Quand on est fatigué, quand on est au bout à bout d’un système, et quand on ne comprend pas ce qui arrive, la violence est malheureusement la première réponse qui se présente pour essayer d’exister et de dire : on est là.

Frédérick Lemarchand

Sociologue, professeur à l'université de Caen

Cette crise va-t-elle redéfinir les rapports de force entre les syndicats  ?

Il y a un éclatement des grands centres de pouvoir, de l'Etat, de tout ce qui était source de légitimation. Le syndicat FNSEA qui est très vertical, à la soviétique va nécessairement affronter des velléités locales, des formes de réorganisation. Ce mode d’organisation a sans doute fait son temps.

Je travaille sur l’histoire du syndicalisme agricole depuis quarante ans. Les jeunes agriculteurs productivistes se sont toujours sentis protégés par un système qui en réalité les asservit et les manipule à force de communication et de lobbying.

C’est un syndicat qui a beaucoup de moyens pour produire des récits, pour rendre le machinisme désirable. Mais tout cela a un coût et ces jeunes agriculteurs sont pressurisés par un système qui les opprime. Ils commencent peut-être à en prendre conscience.

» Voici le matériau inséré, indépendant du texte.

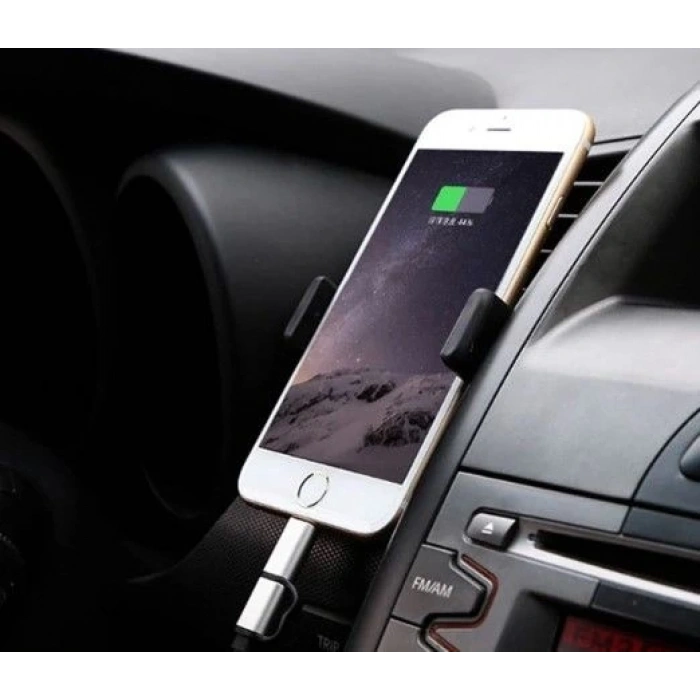 Araba Klimasına Takılan Telefon Tutucu Kıskaç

Sur quoi peut déboucher cette crise ?

Des gens qui peuvent encore gagner encore dans ce système vont défendre des thèses libérales, et essayer d’entraîner les autres dans leur sillage.

Des gens exténués qui ne comprennent plus ce qui leur arrive qui vont plutôt constituer le vivier des populismes avec des formes de revendication violentes.

Et puis, il y a une force de gauche qui est travaillée par ses propres contradictions. La gauche progressiste espère encore dans le progrès technique. La gauche plus écologique et plus radicale veut réinventer une société tout entière.

C’est aussi complexe que ça. 

L'effondrement du système productiviste est prévisible pour des raisons écologiques : quand on n'aura plus de pétrole et de matériaux pour faire tourner tout ça, on va devoir faire mieux avec moins.

Frédérick Lemarchand

Sociologue, professeur à l'université de Caen

La question c’est de savoir quel tournant va prendre la société tout entière. Est-ce qu’on va aller vers une montée des populismes ? Et là, ce sera du temps de perdu. Est-ce qu'on peut aller vers un nouveau contrat social autour des valeurs républicaines avec une prise en compte des questions écologiques qui soit à la hauteur des enjeux ?

On est à la croisée des chemins, mais cette crise va durer encore longtemps probablement une ou deux décennies.